INTERMEDIATE - CHECK TIMED OUT


crsctl stat res -t returned the following:

CLUSTER HEALTH REPORT  
---------------------  
.                      
crsctl stat res

-t     
------------------------------------------------
NAME           TARGET  STATE        SERVER                   STATE_DETAILS       
------------------------------------------------
Local Resources
------------------------------------------------
................
ora.LISTENER.lsnr
               ONLINE  INTERMEDIATE <node1>    CHECK TIMED OUT     
               ONLINE  ONLINE       <node2>                              
................
------------------------------------------------
Cluster Resources
------------------------------------------------
ora.LISTENER_SCAN1.lsnr
      1        ONLINE  ONLINE       <node2>                              
ora.LISTENER_SCAN2.lsnr
      1        ONLINE  INTERMEDIATE <node1>   CHECK TIMED OUT     
ora.LISTENER_SCAN3.lsnr
      1        ONLINE  INTERMEDIATE <node1>   CHECK TIMED OUT     
ora.cvu
      1        ONLINE  ONLINE       <node1>                              
......................

According to the log, the issue began at 01:47 that morning and had been consistently in this state.

The central log did not reveal the underlying cause of the issue
E:\OracleGrid\11.2.0.3\log\<node1>\alert<node1>.log

[E:\OracleGrid\11.2.0.3\bin\oraagent.exe(4348)]CRS-5818:Aborted command 'check' for resource 'ora.LISTENER.lsnr'. Details at (:CRSAGF00113:) {1:60709:2} in E:\OracleGrid\11.2.0.3\log\<node1>\agent\crsd\oraagent\oraagent.log.

[E:\OracleGrid\11.2.0.3\bin\oraagent.exe(5148)]CRS-5014:Agent "E:\OracleGrid\11.2.0.3\bin\oraagent.exe" timed out starting process "E:\OracleGrid\11.2.0.3\bin\lsnrctl.exe" for action "check": details at "(:CLSN00009:)" in "E:\OracleGrid\11.2.0.3\log\<node1>\agent\crsd\oraagent\oraagent.log"

[E:\OracleGrid\11.2.0.3\bin\oraagent.exe(5128)]CRS-5818:Aborted command 'check' for resource 'ora.LISTENER_SCAN3.lsnr'. Details at (:CRSAGF00113:) {1:60709:48526} in E:\OracleGrid\11.2.0.3\log\<node1>\agent\crsd\oraagent\oraagent.log.

Looking at the E:\OracleGrid\11.2.0.3\log\<node1>\agent\crsd\oraagent\oraagent.log log file, I find the following:
2016-07-01 11:08:36.517: [   AGENT][5124] {1:60709:2} UserErrorException: Locale is ..
2016-07-01 11:08:36.517: [ora.LISTENER.lsnr][5124] {1:60709:2} [check] clsnUtils::error Exception type=2 string=
CRS-5017: The resource action "ora.LISTENER.lsnr check" encountered the following error:
(:CLSN00009:)Utils:execCmd aborted.

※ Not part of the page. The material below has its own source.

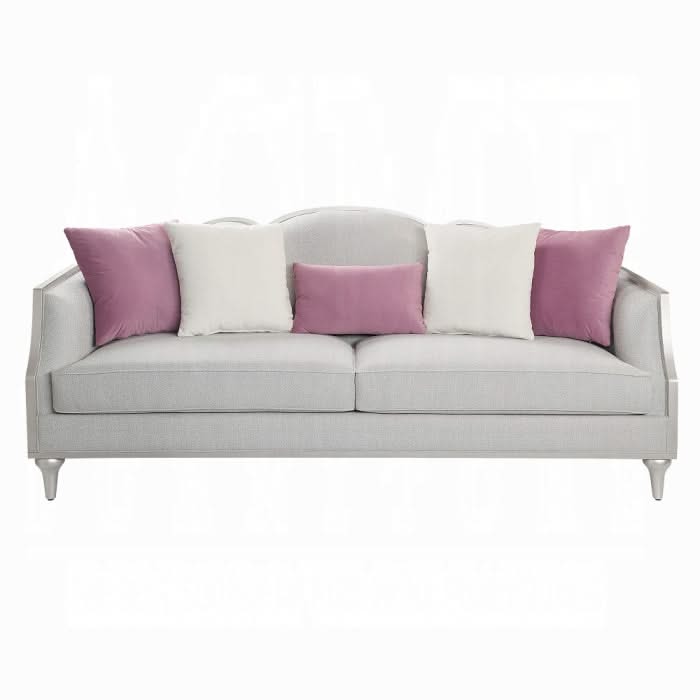 Sofá Kasa con 5 almohadas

For details refer to "(:CLSN00109:)" in "E:\OracleGrid\11.2.0.3\log\<node1>\agent\crsd\oraagent\oraagent.log".
..
2016-07-01 11:08:38.421: [ora.LISTENER_SCAN2.lsnr][4348] {1:60709:2} [check] got lock..
2016-07-01 11:08:38.421: [ora.LISTENER_SCAN2.lsnr][4348] {1:60709:2} [check] tryActionLock }.
2016-07-01 11:08:38.421: [ora.LISTENER_SCAN2.lsnr][4348] {1:60709:2} [check] abort  }.
2016-07-01 11:08:38.421: [ora.LISTENER_SCAN2.lsnr][4348] {1:60709:2} [check] (:CLSN00110:) clsn_agent::abort }..
2016-07-01 11:08:38.421: [    AGFW][4348] {1:60709:2} Command: check for resource: ora.LISTENER_SCAN2.lsnr 1 1 completed with status: TIMEDOUT..
...

This is message appears many times and is the the same response for SCAN2 and SCAN3 checks.

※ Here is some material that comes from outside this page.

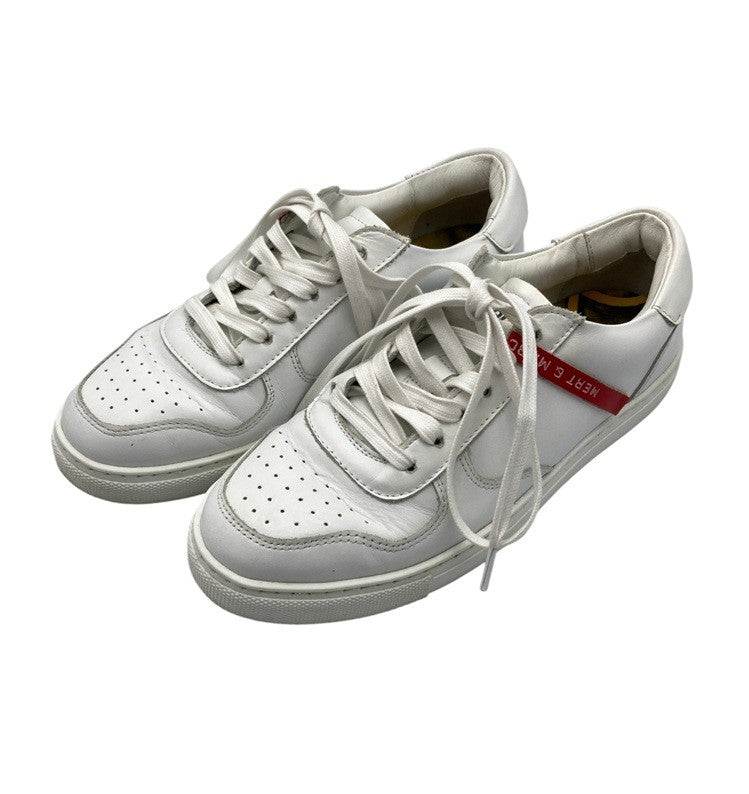 DSQUARED2 ディースクエアード MERT & MARCUS レザー スニーカー サイズ36 レディース 中古 D4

However, the users were not complaining, the sessions were distributed evenly across all cluster nodes and operations could be considered "smooth". According to v$sessions and the listener logs, new connections were being made across both listeners and scans. I began checking MOS for notes on this issue. I discovered that there were a few different issues related to this problem so I began cross referencing the log files and the items found on MOS. I found a note making reference to a memory leak - so I grepped through all listener logs and I discovered a match.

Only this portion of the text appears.